Under the amended House bill passed Tuesday, voters likely wouldn’t vote on a constitutional amendment until the November 2012 election; ratification couldn’t occur until the Legislature reconvened in January 2013.
McConnell contended that Senate rules, as amended last month, “requires way more roll call voting” than the House bill.
Larry Martin, who sponsored the resolution to amend the Senate rule, said Tuesday that the rule was more stringent than the proposed statute, though he earlier said during the debate that there’s “not one scintilla of difference in what we’re doing now versus what we would be doing by the law here in question.”
Martin told The Nerve in December that he favored a roll call voting law but only if accompanied by a constitutional amendment, and prefiled two bills to accomplish that purpose.
He said then that without a constitutional amendment, any new law likely could not be reviewed by the S.C. Supreme Court if challenged.
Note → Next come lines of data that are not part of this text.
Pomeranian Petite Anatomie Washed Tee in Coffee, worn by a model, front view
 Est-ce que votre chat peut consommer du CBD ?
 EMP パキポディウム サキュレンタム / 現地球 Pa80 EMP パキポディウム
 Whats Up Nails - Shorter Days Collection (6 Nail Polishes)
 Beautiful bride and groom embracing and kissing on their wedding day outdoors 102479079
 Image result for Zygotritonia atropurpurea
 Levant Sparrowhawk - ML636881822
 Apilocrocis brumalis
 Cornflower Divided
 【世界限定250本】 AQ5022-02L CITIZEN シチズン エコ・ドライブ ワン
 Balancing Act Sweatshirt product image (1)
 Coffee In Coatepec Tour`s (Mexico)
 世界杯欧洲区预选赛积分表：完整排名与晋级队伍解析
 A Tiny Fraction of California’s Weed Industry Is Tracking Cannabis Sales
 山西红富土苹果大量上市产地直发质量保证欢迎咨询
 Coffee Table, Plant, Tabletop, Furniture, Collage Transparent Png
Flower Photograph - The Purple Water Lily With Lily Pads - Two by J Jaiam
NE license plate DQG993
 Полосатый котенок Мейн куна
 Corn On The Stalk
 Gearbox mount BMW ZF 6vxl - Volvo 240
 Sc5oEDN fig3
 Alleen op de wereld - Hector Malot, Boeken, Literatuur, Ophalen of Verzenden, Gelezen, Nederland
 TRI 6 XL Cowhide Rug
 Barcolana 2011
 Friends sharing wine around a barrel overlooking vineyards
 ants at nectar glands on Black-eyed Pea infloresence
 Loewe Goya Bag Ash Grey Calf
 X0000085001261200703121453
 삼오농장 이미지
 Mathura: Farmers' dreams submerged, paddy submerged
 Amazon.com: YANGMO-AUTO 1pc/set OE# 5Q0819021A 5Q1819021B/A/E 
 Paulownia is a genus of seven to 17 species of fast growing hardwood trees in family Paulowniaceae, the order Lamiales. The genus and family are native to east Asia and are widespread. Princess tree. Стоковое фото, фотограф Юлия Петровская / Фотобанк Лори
That, in turn, he explained, could result in a future Legislature watering down a newly passed law without any legal recourse.
Martin in last week’s subcommittee hearing voted against making the House bill effective upon ratification of a constitutional amendment. In Tuesday’s hearing, he said the proposed effective date by linking the two was “more form than substance.” He was among the nine senators who voted Tuesday against linking the two.
Sen. Tom Davis, R-Beaufort, who also was among the group of nine, said relying solely on the Senate’s rule-making authority can lead to extreme results.
“We can shut the doors to the General Assembly. We can turn off the TVs. We can close the blinds,” Davis said. “Everything is going to be off the record, and we can do that because we have the right to determine our own rules and procedure.”
Sen. Mike Rose, R-Dorchester, pointed out that he unsuccessfully last month offered a proposal to change the Senate roll call voting rule to incorporate an enacted roll call voting statute.
That, he explained, would be a more immediate solution than linking a statute with a constitutional amendment, though he noted that he supports an amendment.
“There’s another way to skin this cat,” Rose said.
Like Davis and Martin, Rose voted against making the House bill effective upon ratification of a constitutional amendment. The other six senators who voted against linking the two were Shane Martin; Phillip Shoopman, R-Greenville; Shane Massey, R-Edgefield; Lee Bright, R-Spartanburg; Ray Cleary, R-Georgetown; and Paul Campbell, R-Berkeley.